Caso se torne viável em grande escala, a energia dos oceanos – limpa e renovável – atenuará o aquecimento global, além de diminuir a conta para o consumidor
Ampliar as opções em direção a uma economia de baixo carbono é um dos principais desafios do mercado de energia. Nos últimos tempos, uma nova frente de atuação se configurou para alcançar esse objetivo: a energia oriunda das águas dos oceanos ou que pode ser gerada na costa litorânea. Limpa e renovável, ela não estimula a emissão dos gases de efeito estufa. Portanto, atenua a atual crise climática.
Diferentes tecnologias para explorar a energia do oceano estão sendo testadas – inclusive no Brasil –, mas há obstáculos que precisam ser ultrapassados para que ela se transforme em uma tendência consolidada no mercado. Além de ser necessário avançar nas pesquisas para atingir maturidade tecnológica, é preciso encontrar modelos comercialmente viáveis para a implantação em larga escala.

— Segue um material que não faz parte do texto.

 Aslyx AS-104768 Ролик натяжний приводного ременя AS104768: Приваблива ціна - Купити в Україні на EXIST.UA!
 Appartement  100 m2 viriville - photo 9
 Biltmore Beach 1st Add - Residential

Em 2019, em nível global, o aproveitamento da energia dos oceanos foi de 1,2 TWh, o que representa menos de 0,1% do total de energia elétrica gerada no mundo, conforme dados do relatório Ocean Power, da Agência Internacional de Energia. A boa notícia é que esse volume deverá aumentar 33% ao ano ao longo desta década, alcançando 4 TWh em 2025 e 15 TWh até 2030, como informa Célio Bermann, professor do Instituto de Energia e Ambiente da Universidade de São Paulo.

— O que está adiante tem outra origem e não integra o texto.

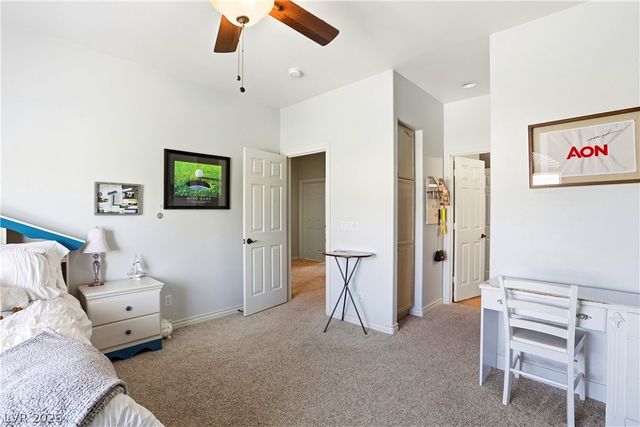 39 Perennial Border Court, Las Vegas, NV 89148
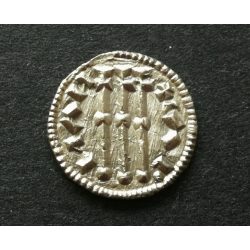 Hungary Kálmán Könyves (1095-1116) Denar silver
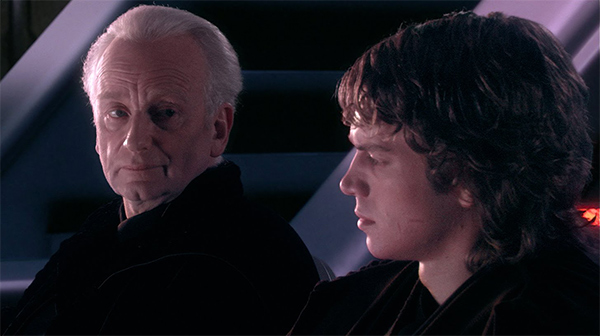 Der Aufstieg Skywalkers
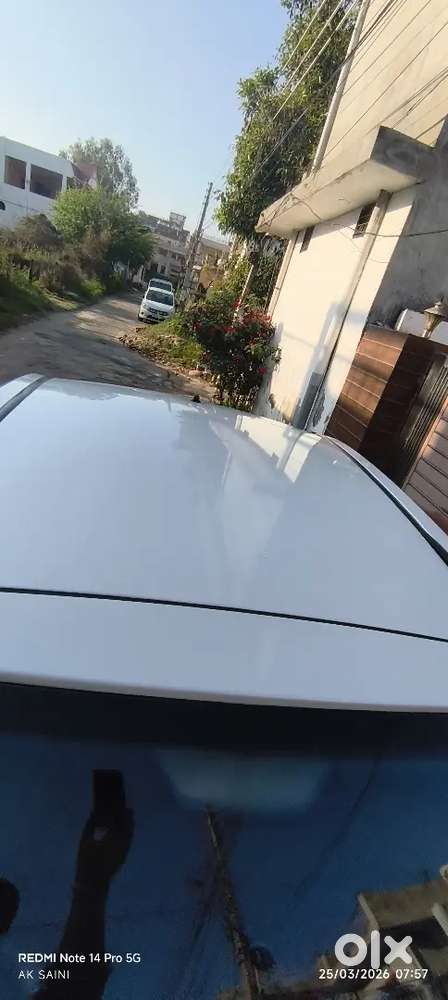 Tata Indica Vista 2015 Diesel Well Maintained Ac Heater Working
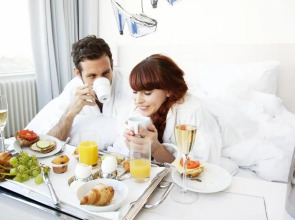 Clarion Hotel Aviapolis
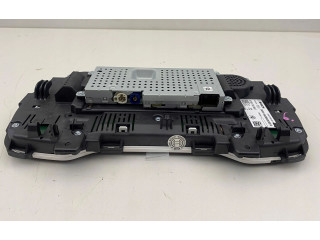 Přístrojová deska BMW 7 G11 G12 2020 0263723057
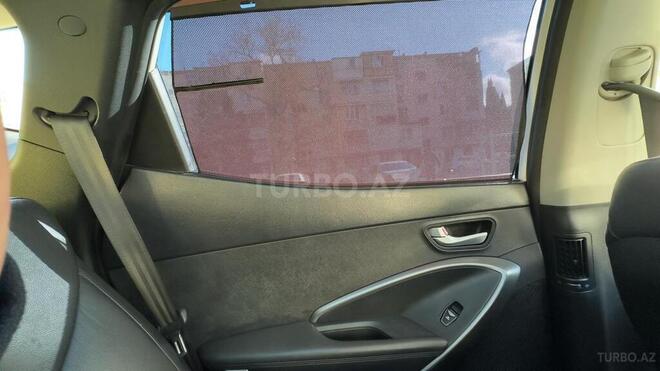 Hyundai Santa Fe 2014, 167,500 km - 2.4 l - Bakı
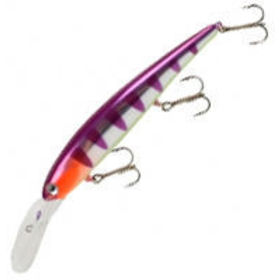 Воблер Bandit Deep Walleye Bandit, D89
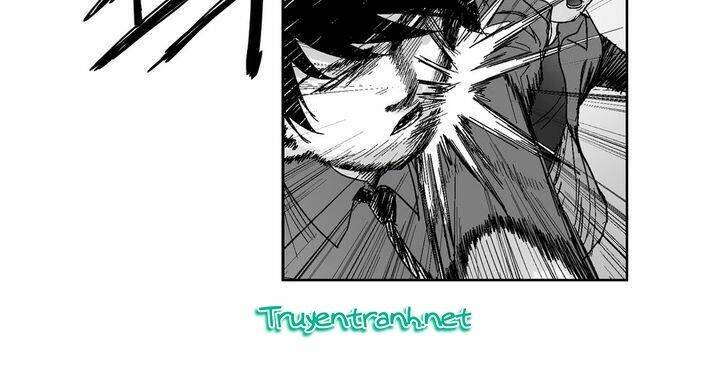 bạo lực học đường chapter 62 33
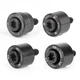 Golf Weight Screw For Taylormade R7 Quad Mini Driver 3,4,5,6,7,8,10,12,14,16g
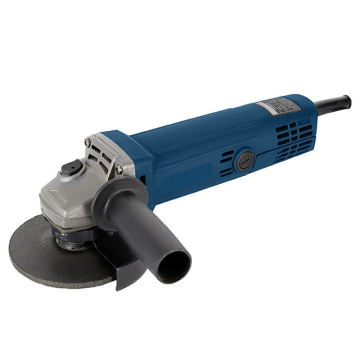Kzc Smerigliatrice Angolare 4.5 Inch 4 Inch Mini Portable Angle Grinder 100 mm 115 mm 4 Inches 240V 110V Electric Machine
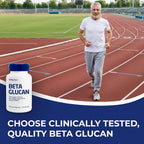 Immunocorp Immutol Immune Support Supplement Beta Glucan - 60 Capsules - image 5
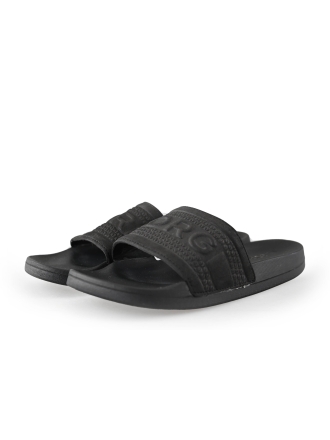 Bjorn Borg Slippers Zwart 227886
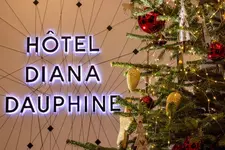 Hôtel Diana Dauphine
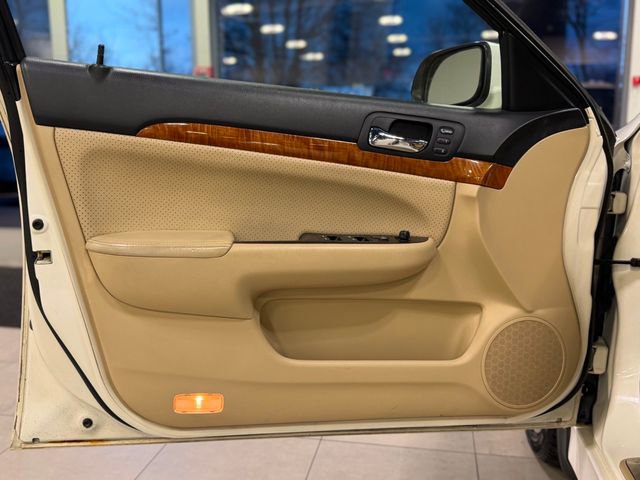 Used 2006 Acura TSX image 18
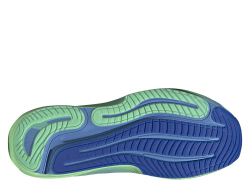 Кроссовки для бега мужские adidas Supernova Solution 3 M Сине-зелёный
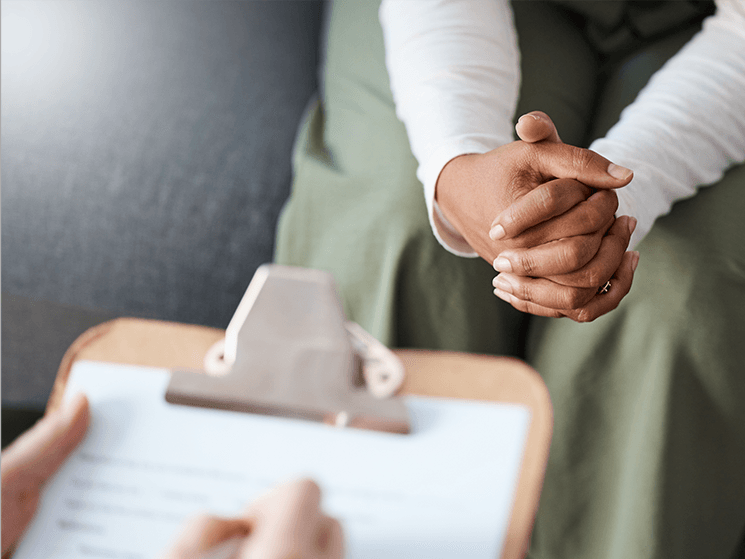 Accompagnement au bien-être près de Vernon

O Brasil tem dado passos importantes para ampliar o leque de energia renovável. Um deles foi a aprovação, em agosto deste ano, do projeto de marco regulatório para a exploração de energia em alto-mar. O Projeto de Lei 576/2021 deve seguir, agora, para análise do plenário da Câmara dos Deputados. Outro foram as portarias nº 52/GM/MME e a Interministerial MME/MMA nº 03/2022 publicadas pelo Ministério de Minas e Energia (MME) no dia 20 de outubro. Elas definem, respectivamente, os regramentos e diretrizes complementares para cessão de uso de áreas fora da costa (offshore), com vistas à geração de energia elétrica, e as diretrizes para criação de Portal Único de Gestão do Uso das Áreas Offshore. Segundo comunicado do MME, “as portarias representam fundamental evolução e contribuem para o estabelecimento de um marco legal seguro e adequado para geração de energia elétrica offshore no Brasil”.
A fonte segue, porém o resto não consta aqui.